━━━━━ Records for this task
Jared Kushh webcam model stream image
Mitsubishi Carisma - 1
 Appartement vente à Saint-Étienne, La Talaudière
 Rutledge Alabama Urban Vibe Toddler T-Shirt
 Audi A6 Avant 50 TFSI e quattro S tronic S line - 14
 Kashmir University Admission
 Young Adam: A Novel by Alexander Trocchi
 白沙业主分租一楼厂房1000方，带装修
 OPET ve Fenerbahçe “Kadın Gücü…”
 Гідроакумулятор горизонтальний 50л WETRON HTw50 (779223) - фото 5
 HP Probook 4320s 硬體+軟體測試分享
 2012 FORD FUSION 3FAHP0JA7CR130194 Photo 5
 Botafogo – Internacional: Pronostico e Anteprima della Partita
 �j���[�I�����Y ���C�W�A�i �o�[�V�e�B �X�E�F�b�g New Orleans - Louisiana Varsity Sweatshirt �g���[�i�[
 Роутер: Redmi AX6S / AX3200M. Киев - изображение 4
━━━━━━━━━━
*What you will do*
Write down exactly the line with "Young Adam: A Novel by Alexander Trocchi", then each line after it through the end of the data.

*Exercise solution*
 Young Adam: A Novel by Alexander Trocchi
 白沙业主分租一楼厂房1000方，带装修
 OPET ve Fenerbahçe “Kadın Gücü…”
 Гідроакумулятор горизонтальний 50л WETRON HTw50 (779223) - фото 5
 HP Probook 4320s 硬體+軟體測試分享
 2012 FORD FUSION 3FAHP0JA7CR130194 Photo 5
 Botafogo – Internacional: Pronostico e Anteprima della Partita
 �j���[�I�����Y ���C�W�A�i �o�[�V�e�B �X�E�F�b�g New Orleans - Louisiana Varsity Sweatshirt �g���[�i�[
 Роутер: Redmi AX6S / AX3200M. Киев - изображение 4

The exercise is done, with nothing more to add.